Under Initiative 502, possessing marijuana for recreational use is already legal. The Liquor Control Board now must create a structure for people to legally grow and sell it.
The first step is a system to license marijuana growers. These people will ultimately supply state-licensed marijuana stores. Liquor Control spokesman Brian Smith said the job of the marijuana licensing manager is open until filled. “I think we’re up to about 70 applications in the first couple weeks, so I think they’ll be sorting through those applications and starting to line up some interviews,” he said.
The next hire for the agency will be a consultant to try to figure out how much marijuana Washington state residents will likely buy. The state’s Office of Financial Management estimated that 363,000 people will consume marijuana in Washington this year.
Smith says the new consultant will study the issue in greater depth. One thing the state doesn’t want to do is issue too many licenses and create a marijuana glut. “Where’s that commodity going to go? It’s clearly out there and it can be transported out of the state or other places where people will want to buy it on the illegal market,” said Smith.
State legislators are also worried about that. Three Democratic representatives including Ross Hunter of Medina sent a letter to the Liquor Control Board last week asking the agency to slow down. Hunter said he’d first like to get more clarification on how federal officials will react to Washington’s regulatory scheme, given that marijuana remains illegal under federal law.

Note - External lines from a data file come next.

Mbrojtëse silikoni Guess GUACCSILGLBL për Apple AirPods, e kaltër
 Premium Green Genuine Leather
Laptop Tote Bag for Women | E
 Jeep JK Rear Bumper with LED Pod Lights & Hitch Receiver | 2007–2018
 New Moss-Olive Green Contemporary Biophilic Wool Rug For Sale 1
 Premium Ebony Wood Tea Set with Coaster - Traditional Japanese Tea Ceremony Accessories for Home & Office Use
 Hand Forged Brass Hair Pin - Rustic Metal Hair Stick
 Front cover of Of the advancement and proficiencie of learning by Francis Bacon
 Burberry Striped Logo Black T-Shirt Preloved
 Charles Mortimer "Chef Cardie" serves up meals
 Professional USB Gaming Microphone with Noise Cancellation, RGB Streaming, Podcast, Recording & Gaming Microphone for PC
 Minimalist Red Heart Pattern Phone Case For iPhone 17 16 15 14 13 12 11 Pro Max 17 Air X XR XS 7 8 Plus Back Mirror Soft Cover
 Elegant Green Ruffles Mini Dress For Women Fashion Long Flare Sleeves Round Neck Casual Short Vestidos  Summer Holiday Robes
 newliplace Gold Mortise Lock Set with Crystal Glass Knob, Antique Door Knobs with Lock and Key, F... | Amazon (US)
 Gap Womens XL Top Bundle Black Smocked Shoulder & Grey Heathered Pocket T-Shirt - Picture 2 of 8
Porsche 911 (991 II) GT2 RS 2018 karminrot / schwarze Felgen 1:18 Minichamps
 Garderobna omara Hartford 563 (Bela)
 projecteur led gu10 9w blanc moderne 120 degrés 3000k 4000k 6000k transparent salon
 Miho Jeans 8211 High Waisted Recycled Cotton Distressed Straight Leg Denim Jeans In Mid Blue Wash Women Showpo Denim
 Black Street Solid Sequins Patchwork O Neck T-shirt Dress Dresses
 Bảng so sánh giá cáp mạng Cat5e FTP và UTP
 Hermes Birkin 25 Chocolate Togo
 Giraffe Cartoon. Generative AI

“From what I’ve seen so far, the US Attorney for Western Washington, Jenny Durkan, doesn’t seem to have much of a sense of humor about this,” Hunter said, “and we’re about to license people to commit a felony.”
Hunter said the new system leaves state employees and others vulnerable to prosecution. His letter also said the agency should not be diverting money that was meant for other purposes into marijuana regulation. Hunter says if federal officials shut down that system, all the money could get wasted. In addition, Hunter said people who write initiatives often do so to make money and he doesn’t want the state to become complicit in allowing criminal activity.
“We just want to make sure that we are, in fact, doing something that’s reasonable and not something that either creates this corporate behemoth or recreates the days of Al Capone,” he said. To that end, Hunter wants the control board to create a tracking system, to make sure licensed growers aren’t sending their product out of state.
The board says it plans to charge a $1,000 licensing fee for marijuana growers, processors and sellers. The legislators say the state should charge much more, given the profits producers stand to reap.